**Your objective:** With the pictures omitted, transcribe each line below exactly as it is.

**Dataset extract:**

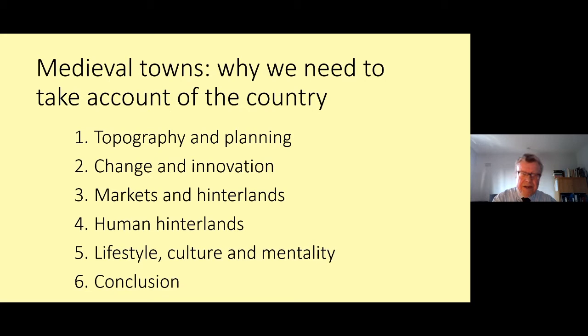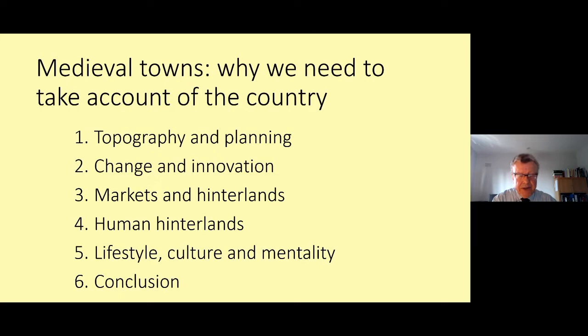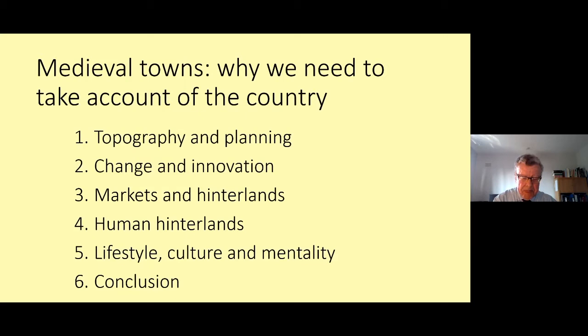The rise of town studies has not overwhelmed rural history, so the two can interact on more equal terms. This lecture reflects that healthy, balanced relationship of town and country — there is no primacy of one against the other. My programme covers five themes: first, the appearance of towns — topography and planning compared with the countryside; second, the question of innovation and change; third, markets and hinterlands; fourth, human hinterlands defined in terms of migration and personal contacts between people in towns and the country; and fifth, lifestyle, culture and mentality. In each case I will look at both town and country, compare them, and see how they connected.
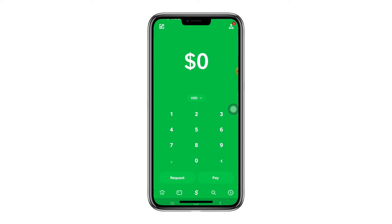Hello everyone. In this video, I will show you how to enable Bitcoin Wallet on Cash App. So, let's get started.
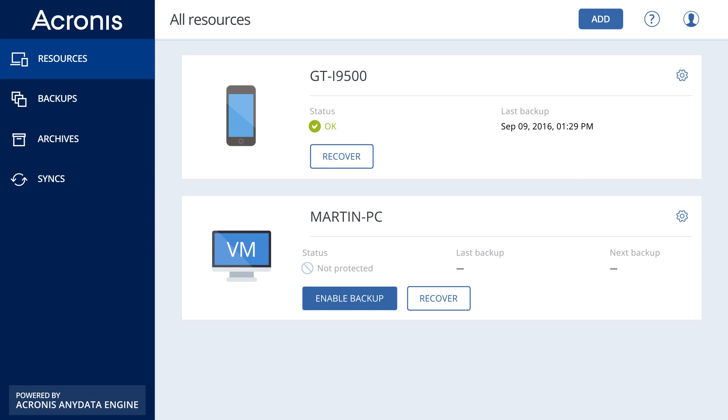On the Resources tab, find the computer that you want to backup. If you cannot find the computer, you first need to add it to the list.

**Task response:**
The rise of town studies has not overwhelmed rural history, so the two can interact on more equal terms. This lecture reflects that healthy, balanced relationship of town and country — there is no primacy of one against the other. My programme covers five themes: first, the appearance of towns — topography and planning compared with the countryside; second, the question of innovation and change; third, markets and hinterlands; fourth, human hinterlands defined in terms of migration and personal contacts between people in towns and the country; and fifth, lifestyle, culture and mentality. In each case I will look at both town and country, compare them, and see how they connected.
Hello everyone. In this video, I will show you how to enable Bitcoin Wallet on Cash App. So, let's get started.
On the Resources tab, find the computer that you want to backup. If you cannot find the computer, you first need to add it to the list.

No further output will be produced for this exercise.